I like to sometimes make home made PCBs quickly with toner transfer.
Both because this is basically what works for me with Manhattan style and ugly style construction, and also because its literally impossible to create grids of tiny plated through vias to tie top and bottom to one another in the same manner as with commercially fabbed PCBs, with my home made ones, I just dont do that, instead I basically just leave out the top ground plane whenever it seems reasonably justified, since i cant do the close spaced vias thing without it looking really messy.
So...I etch out most - sometimes all of the customary top side GP.. Sometimes I leave copper at the edges- when SMAs will tie the two together well- I leave out the ground plane portions of the top just using the bottom as the GP. This is usually with very simple boards. Where I need a ground, for example, under a SMT component, I drill a hole right there and use a bit of wire that exactly fits the hole and cut it flat with good side cutting pliers. Then I fill the hole around the little short chunk of wire by hand with melted solder. (sometimes I have to put some tape there to keep it in until its done)
So the ground is very short and solid. Where there is an SMA I also leave copper on top to supply it an anchor and far away from the traces I sometimes have a ring of copper around the edges with vias, but I try to avoid surrounding all the traces with a ground plane on top because with my home made boards I see the combination of GP on top as well as bottom with inadequate vias as being a potential resonant circuit. is this a valid approach for a person who just wants the occasional board right away, no delays, no drama?

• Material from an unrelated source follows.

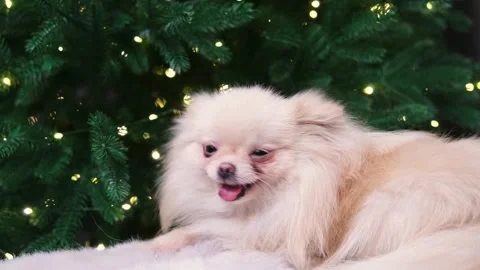 Dog muzzle spitz close up 動画素材 274692114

Note, I still dont have a decent drill setup for drilling my PCBs neatly, I think thats the main reason I am so reluctant to make the committment to enclosing traces in a top side ground plane I cannot supply with dozens of vias automatically.
Doing this seems to work although - most of my boards are passive devices.. filters and so on.
is there any reason its a wrong approach? It seems to work fine for me, although so far- (this likely will change) my stuff is so simple that so far I havent really had to isolate powered traces from one another in quite the same way as I would with more complicated devices.
So far I mostly build little boards with one function per tiny square PCB and use SMAs to allow them to be attached to one another when needed.